And for that, I would like to thank them.
I’ve always been enormously sceptical of official crime statistics and surveys.
They bamboozle you with numbers that suggest fewer crimes have occurred than the year before, and the year before that, and you’re invited to believe that everything is sweet in paradise.
It’s a cynical process that rather reeks of propaganda compiled by public servants and police officers pandering to their political masters.
Massaged numbers aside, the only question that really matters is this: do you really feel like you live in a safer society?
Do the children in your family walk to school (like every child did in the first half of the 1980s?)
I’ve been the victim of several crimes that were more trifling than traumatising. And after serious thought this week I must say I do feel generally safer.
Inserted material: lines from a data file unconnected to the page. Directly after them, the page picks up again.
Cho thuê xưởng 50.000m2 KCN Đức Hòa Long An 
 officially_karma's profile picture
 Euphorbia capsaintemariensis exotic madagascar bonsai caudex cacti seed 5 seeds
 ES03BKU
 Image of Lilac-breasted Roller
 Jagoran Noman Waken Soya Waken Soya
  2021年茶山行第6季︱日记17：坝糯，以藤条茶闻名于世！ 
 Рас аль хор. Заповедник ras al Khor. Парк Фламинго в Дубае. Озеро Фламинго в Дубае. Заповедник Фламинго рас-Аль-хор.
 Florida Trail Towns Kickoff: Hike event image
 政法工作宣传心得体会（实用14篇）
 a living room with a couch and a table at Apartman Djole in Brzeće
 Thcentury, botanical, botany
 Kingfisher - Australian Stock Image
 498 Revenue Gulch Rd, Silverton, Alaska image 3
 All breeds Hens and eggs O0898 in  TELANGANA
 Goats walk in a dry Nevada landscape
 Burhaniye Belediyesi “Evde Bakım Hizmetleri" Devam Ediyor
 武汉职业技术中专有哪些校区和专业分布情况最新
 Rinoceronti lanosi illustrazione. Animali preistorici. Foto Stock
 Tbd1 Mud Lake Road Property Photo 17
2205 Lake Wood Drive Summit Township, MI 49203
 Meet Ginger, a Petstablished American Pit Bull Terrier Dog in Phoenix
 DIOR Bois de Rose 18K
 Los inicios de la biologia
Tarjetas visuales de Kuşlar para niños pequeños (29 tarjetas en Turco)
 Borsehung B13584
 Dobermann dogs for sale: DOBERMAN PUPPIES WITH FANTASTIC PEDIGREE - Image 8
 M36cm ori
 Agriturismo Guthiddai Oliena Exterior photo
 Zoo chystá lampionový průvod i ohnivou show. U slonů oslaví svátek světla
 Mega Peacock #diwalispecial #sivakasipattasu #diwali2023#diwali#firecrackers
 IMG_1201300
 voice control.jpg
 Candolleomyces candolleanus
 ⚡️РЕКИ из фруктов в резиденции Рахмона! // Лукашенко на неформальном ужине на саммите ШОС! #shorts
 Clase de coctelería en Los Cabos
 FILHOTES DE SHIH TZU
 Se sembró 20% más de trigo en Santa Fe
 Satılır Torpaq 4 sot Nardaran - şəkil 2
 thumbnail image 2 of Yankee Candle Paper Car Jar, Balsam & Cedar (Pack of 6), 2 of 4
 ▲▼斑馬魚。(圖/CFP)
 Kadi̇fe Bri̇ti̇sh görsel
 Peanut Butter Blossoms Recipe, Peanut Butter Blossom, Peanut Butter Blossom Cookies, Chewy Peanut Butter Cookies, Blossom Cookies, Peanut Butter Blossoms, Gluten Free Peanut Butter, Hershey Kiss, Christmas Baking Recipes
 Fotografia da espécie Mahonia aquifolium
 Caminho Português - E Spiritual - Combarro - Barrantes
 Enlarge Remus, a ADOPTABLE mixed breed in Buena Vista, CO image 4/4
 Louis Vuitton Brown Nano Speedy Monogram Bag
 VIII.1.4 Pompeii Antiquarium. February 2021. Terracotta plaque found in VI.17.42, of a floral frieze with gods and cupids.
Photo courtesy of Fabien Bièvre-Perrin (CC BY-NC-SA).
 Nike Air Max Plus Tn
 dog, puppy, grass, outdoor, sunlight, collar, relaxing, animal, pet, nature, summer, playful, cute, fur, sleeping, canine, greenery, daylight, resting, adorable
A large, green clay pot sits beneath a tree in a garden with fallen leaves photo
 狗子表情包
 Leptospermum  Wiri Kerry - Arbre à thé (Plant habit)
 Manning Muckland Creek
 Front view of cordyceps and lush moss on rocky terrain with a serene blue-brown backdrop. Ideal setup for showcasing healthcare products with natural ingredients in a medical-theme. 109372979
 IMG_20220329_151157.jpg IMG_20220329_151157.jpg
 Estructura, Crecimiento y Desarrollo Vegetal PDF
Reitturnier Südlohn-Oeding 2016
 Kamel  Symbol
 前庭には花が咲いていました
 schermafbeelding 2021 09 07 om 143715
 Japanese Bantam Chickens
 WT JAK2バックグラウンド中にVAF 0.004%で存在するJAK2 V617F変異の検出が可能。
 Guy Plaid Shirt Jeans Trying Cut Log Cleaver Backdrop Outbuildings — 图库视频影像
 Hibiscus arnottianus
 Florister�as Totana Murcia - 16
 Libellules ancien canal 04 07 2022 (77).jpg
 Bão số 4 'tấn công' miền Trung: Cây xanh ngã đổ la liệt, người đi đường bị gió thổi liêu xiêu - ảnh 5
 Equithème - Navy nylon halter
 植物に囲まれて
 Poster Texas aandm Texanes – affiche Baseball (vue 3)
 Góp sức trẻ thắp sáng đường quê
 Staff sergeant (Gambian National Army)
But I’m also keenly aware that potential crime is always lurking. I never leave bags or valuables in a parked car and I stick to well-lit areas. I’d never leave home with a window or door unlocked.
I’m conscious that there are little things I can do to prevent property crime. But I confess my contents insurance is probably on the low side, I haven’t marked all my household items so if they were stolen I might one day get them returned, and I haven’t taken photos of all my property and stashed them safely with all the receipts.
Is this because I don’t really think about being burgled, or because I haven’t got off my chuff and done it. A bit of both I’d say.
So what to make of this week’s latest survey on crime? It’s all slightly confusing, but apparently we’re living in utopia.